_Data records:_
*-*-*
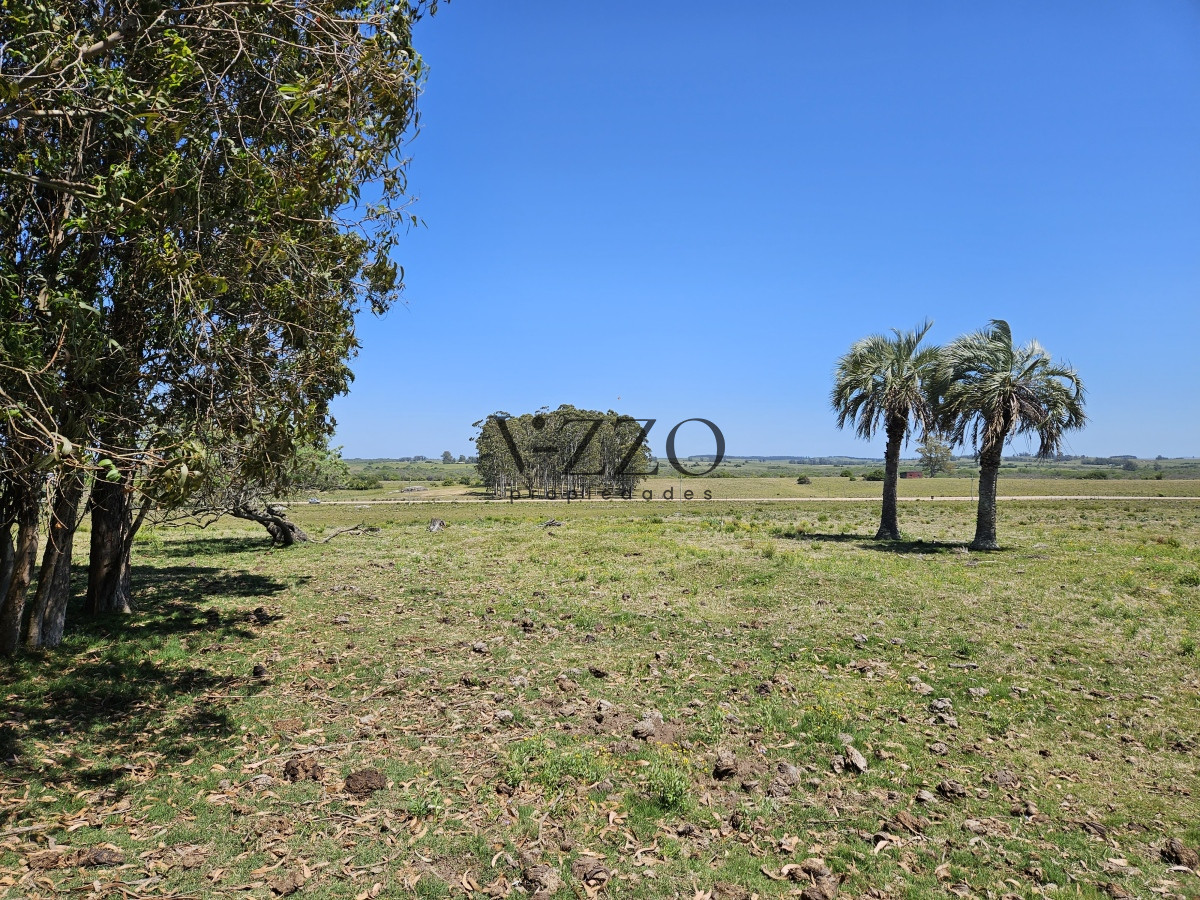 Chacra ID.641/Venta-de-13-hectáreas-a-10-minutos-del-Faro-de-José-Ignacio,-Punta-del-Este.- - Venta de 13 hectáreas a 10 minutos del Faro de José Ignacio, Punta del Este. 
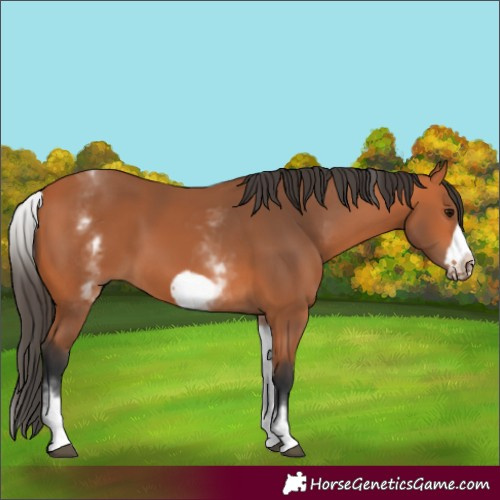 Horse Color:White Spotted Bay Frame 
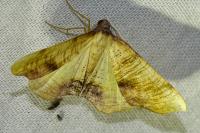 Plagodis dolabraria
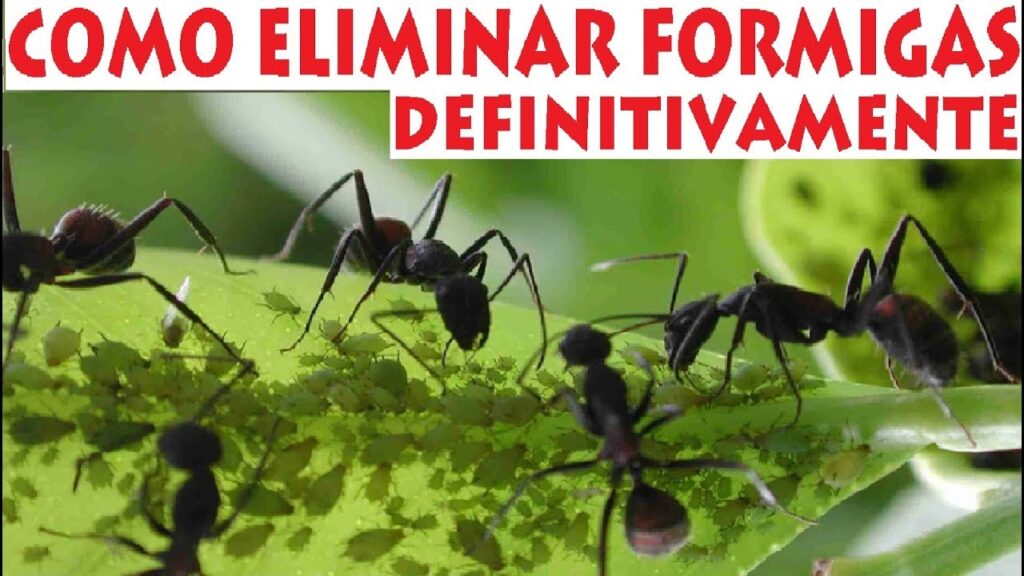 Como eliminar formigas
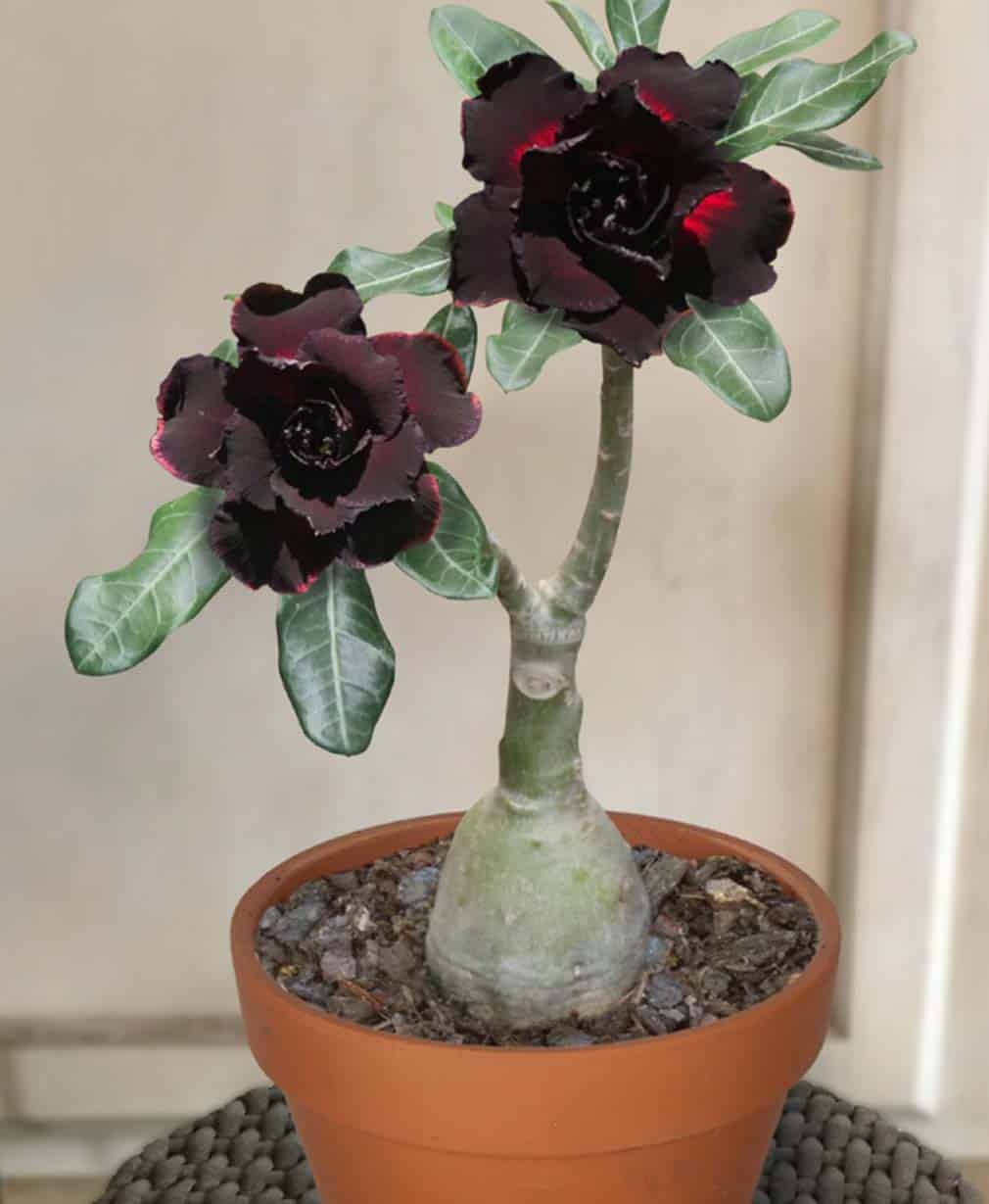 18-Adenium Good Night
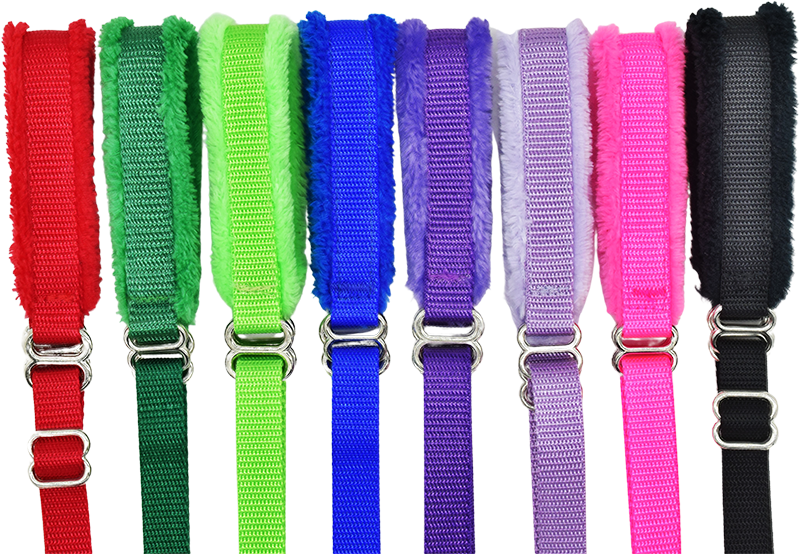 Puppy Walking Leads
*-*-*
_About this task:_
Print the data again word for word, pictures excluded.

_Response area:_
 Chacra ID.641/Venta-de-13-hectáreas-a-10-minutos-del-Faro-de-José-Ignacio,-Punta-del-Este.- - Venta de 13 hectáreas a 10 minutos del Faro de José Ignacio, Punta del Este. 
 Horse Color:White Spotted Bay Frame 
 Plagodis dolabraria
 Como eliminar formigas
 18-Adenium Good Night
 Puppy Walking Leads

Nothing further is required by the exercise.